**AIM OF THE EXERCISE:** Write out the line with "Черный Фольксваген Ап, объемом" and every later line through the end of the data below, exactly as given, with no pictures in the copy.

**DATASET EXTRACT:**

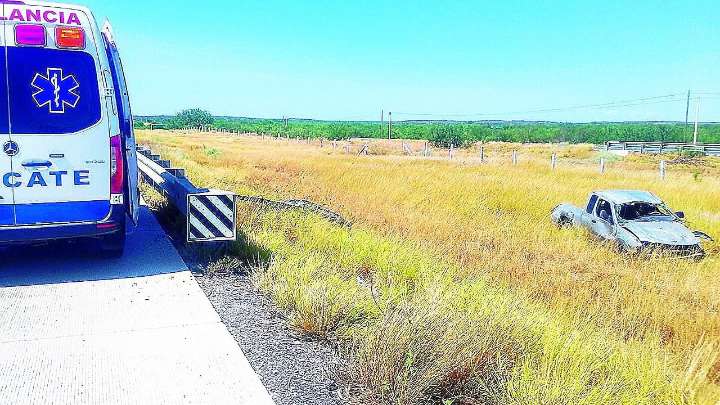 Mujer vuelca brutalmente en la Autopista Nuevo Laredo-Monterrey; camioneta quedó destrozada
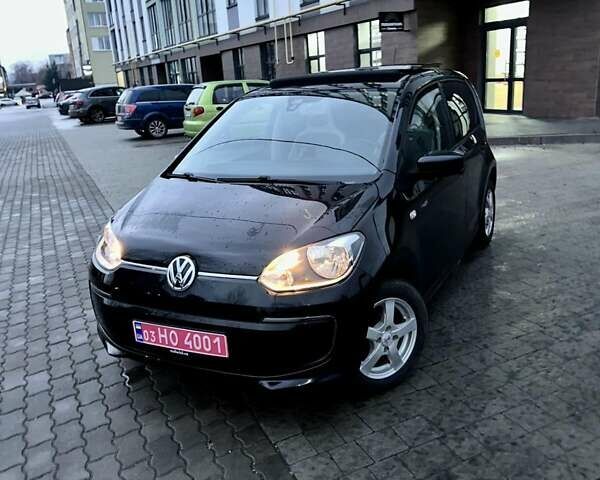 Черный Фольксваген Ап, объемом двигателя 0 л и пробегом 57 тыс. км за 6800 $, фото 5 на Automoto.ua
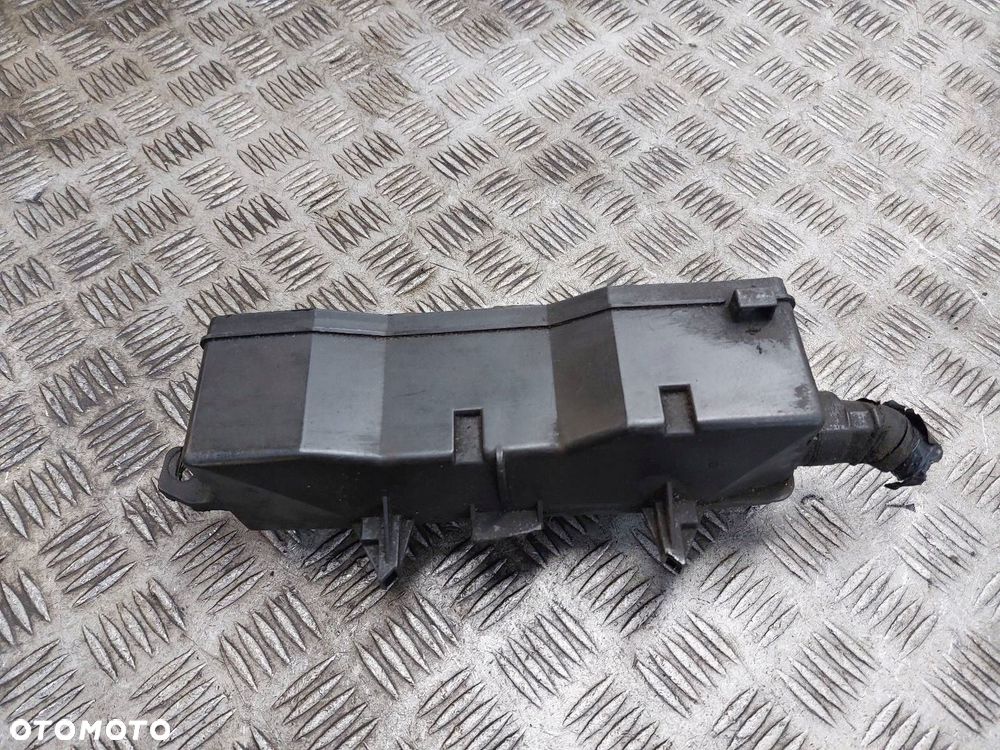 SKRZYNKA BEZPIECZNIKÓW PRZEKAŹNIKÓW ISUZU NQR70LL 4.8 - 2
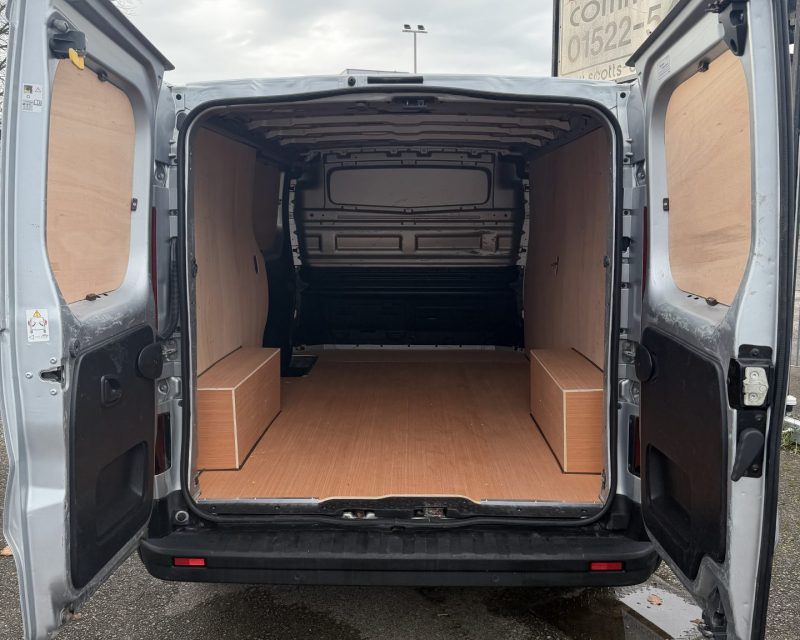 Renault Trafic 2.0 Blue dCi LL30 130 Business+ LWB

**WRITTEN SOLUTION:**
 Черный Фольксваген Ап, объемом двигателя 0 л и пробегом 57 тыс. км за 6800 $, фото 5 на Automoto.ua
 SKRZYNKA BEZPIECZNIKÓW PRZEKAŹNIKÓW ISUZU NQR70LL 4.8 - 2
 Renault Trafic 2.0 Blue dCi LL30 130 Business+ LWB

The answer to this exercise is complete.